Data inventaris dari Administrasi Informasi Energi, cabang statistik Departemen Energi AS, akan dirilis hari ini pukul 14:30 GMT.
"Harga minyak juga didukung oleh sentimen risiko yang lebih baik, yang terangkat oleh pendapatan perusahaan AS yang optimis dan jeda dalam lonjakan imbal hasil obligasi," kata analis di CMC Market Tina Teng.
Baca juga: Kinerja Lifting Minyak Belum Capai Target, SKK Migas Genjot Produksi dan Investasi Migas
"Oleh karena itu, aksi jual yang dipicu ketakutan resesi di pasar minyak mereda," tambah Teng.

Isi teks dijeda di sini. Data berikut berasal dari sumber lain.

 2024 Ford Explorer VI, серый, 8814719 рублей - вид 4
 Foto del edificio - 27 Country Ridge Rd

Sebelumnya, Organisasi Negara Pengekspor Minyak dan produsen lain termasuk Rusia, yang dikenal sebagai OPEC+, menyepakati pengurangan produksi minyak sebesar 2 juta barel per hari.
Pengurangan produksi tersebut memicu tuduhan Gedung Putih yang menyebut Arab Saudi memaksa beberapa negara untuk mendukung langkah tersebut.

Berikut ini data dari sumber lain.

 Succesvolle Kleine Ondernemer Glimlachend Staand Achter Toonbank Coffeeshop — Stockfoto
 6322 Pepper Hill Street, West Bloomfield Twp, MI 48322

Sekretaris Jenderal OPEC menegaskan pada Selasa, keputusan dari kelompok produsen minyak diambil dengan "suara bulat".
Pemotongan produksi OPEC+, yang terjadi menjelang embargo Uni Eropa terhadap minyak Rusia, akan menekan pasokan di pasar bahan bakar yang sudah ketat.
Sanksi Uni Eropa terhadap minyak mentah dan produk minyak Rusia akan mulai berlaku masing-masing pada Desember 2022 dan Februari 2023.
“Kami memperkirakan produksi Rusia turun 0,6 juta barel per hari pada akhir tahun (di samping penurunan 400.000 barel per hari sejak Februari), karena Eropa menerapkan embargo pada pembelian minyak Rusia serta larangan layanan penting seperti pengiriman, asuransi dan pembiayaan," kata analis di JPMorgan dalam sebuah catatan.
Baca juga: Balas Pemangkasan Minyak OPEC, AS Pindahkan Rudal Patriot Arab Saudi ke Ukraina
Untuk menutup kesenjangan, pemerintah Biden berencana melepaskan lebih banyak minyak dan SPR, sebagai upaya meredam harga bahan bakar sebelum pemilihan kongres pada bulan depan.
Pemerintah AS berencana menjual 15 juta barel minyak dari cadangannya pada Desember, kata seorang pejabat senior AS.
"Harga di pompa minyak adalah pengingat mingguan yang penting bagi konsumen dan pedagang energi tidak perlu terkejut jika Biden terus agresif dalam menekan SPR," kata analis di ANZ Research.